HPR: What would you say to someone who said, well it kind of looks to me like the Legislature spent too much and didn’t leave enough in the rainy day fund if it was possible that it might run out?
PS: Well I’d say I guess you have to ask the Legislature about that. I would get a Legislator and ask them that question.
I can tell you the way money gets into the rainy day fund or the budget stabilization fund is any money over $65 million dollars in the ending balance goes into the budget stabilization fund. However, there’s a cap on that fund saying that it cannot have any more than 9.5% of the general fund budget. That statute has been in place for awhile, and that’s the only way that money gets into the budget stabilization fund. That had increased up to the $572 million dollars that we had, going into this biennium. So that has been in place for a long time.
HPR: I know there have been calls for a special session months ago. Is that a last resort? And is that a last resort because of the drawback of the amount it would cost per day to have one? But the advantage of it is, the Legislature would be able to have some say in what gets cut and could help find ways to appropriate extra dollars to fill the shortfall.
PS: If a special session were called, there would be an opportunity, if there was another allotment required, to not do it completely across the board. One of our concerns right now is the Department of Human Services. If there was another across-the-board allotment, we know that the Department of Human Services actually would not be able to do that. The $54 million they had to cut out of their budget in the first allotment, the 4.05% allotment, was very, very difficult to do and it impacted services. Another across-the-board allotment would be very difficult for them to manage, as well as the Department of Human Services. Now, if there were just a small adjustment that needed to be done -- that is a possibility. But if it was a very large adjustment, it would be prudent for the Governor to ask the Legislature to look at it to see if should be not completely across-the-board.
HPR: To just reiterate where we are at right now, this is with an already implemented across-the-board cut that has happened at every state agency. You said a 4.05% cut that was put in place after the last budget projections showed a downturn, correct?
PS: That is correct yes.
HPR: One question I have as far as the timing, some people might be suspicious as to why this came out the day after the primary in the state, when it may have impacted some of the races, in particular for Governor. How did you decide when to put this out?

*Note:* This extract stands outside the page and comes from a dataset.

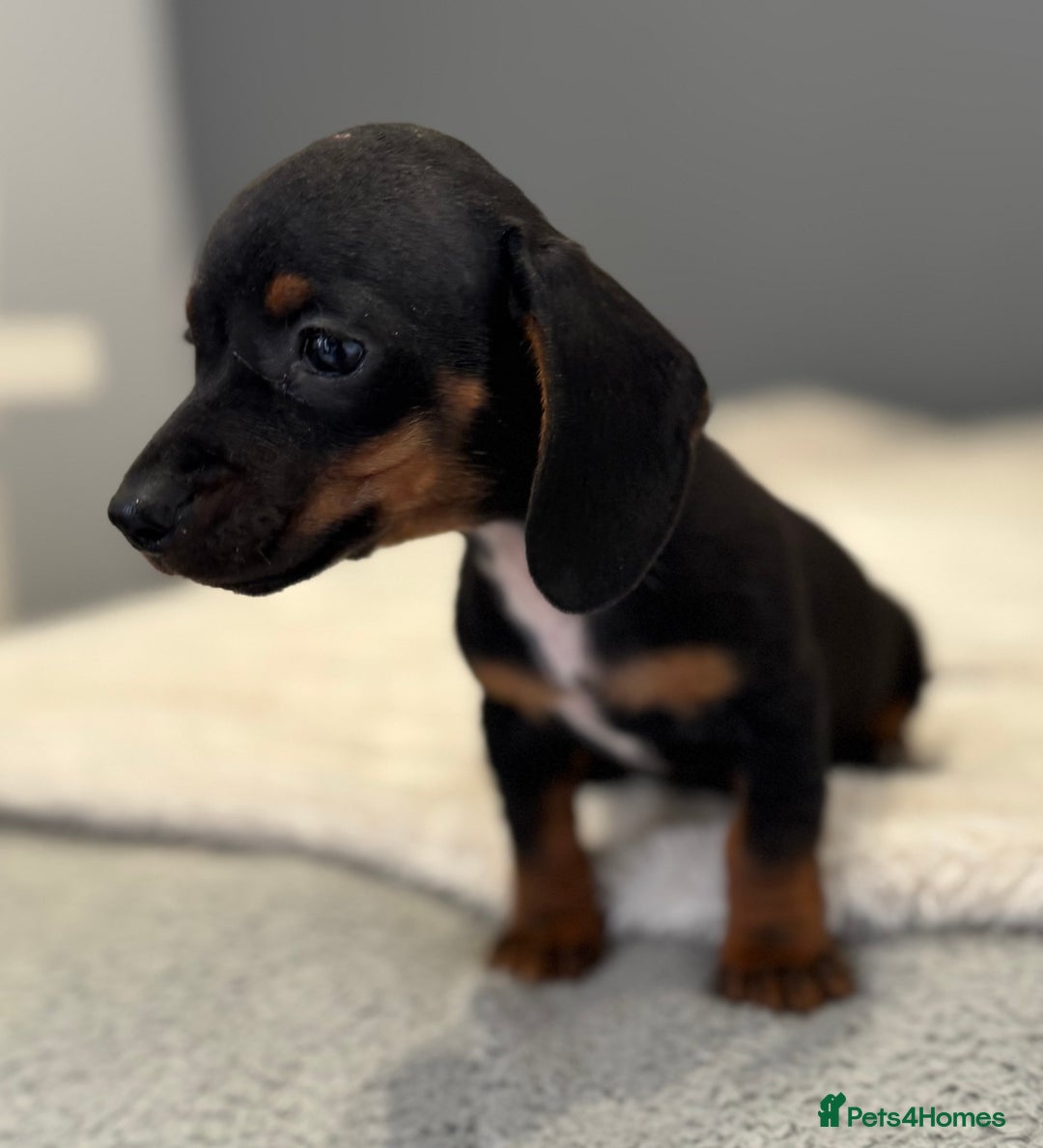 Miniature Dachshund dogs for sale: Miniature smooth coat Dachshund puppies - Image 5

PS: Our accounting system closes on the 10th of every month, so we don’t have numbers available until the 11th of the month. Normally it takes us about until at least the 3rd week before we get all our reports run and get our newsletter ready and send it out.
In this situation, there was a Government Finance committee meeting that had been scheduled, and I don’t schedule those -- the Legislative Counsel does, scheduled on the 16th. Now, had that meeting not been scheduled, we probably would have waited until like right now today, our newsletter just went out today, that’s when the information would have gone out. However, because there was a meeting scheduled on the 16th, we reported information to that meeting on the 16th, which is a quick turnaround after we actually get our numbers.
HPR: So again, the next marking point will be mid-July and that will be where we decide where we are at and if we need to look at a special session?
PS: Right. In the middle of July, we will know what our June revenues were, and we’ll also hope to have our revenue forecast finished by then, so that a decision can be made middle of July.
HPR: The Governor’s resistance to a special session up until this point has just been cost?
PS: We still don’t know if we need to have a special session, so he won’t make that decision until the middle of July.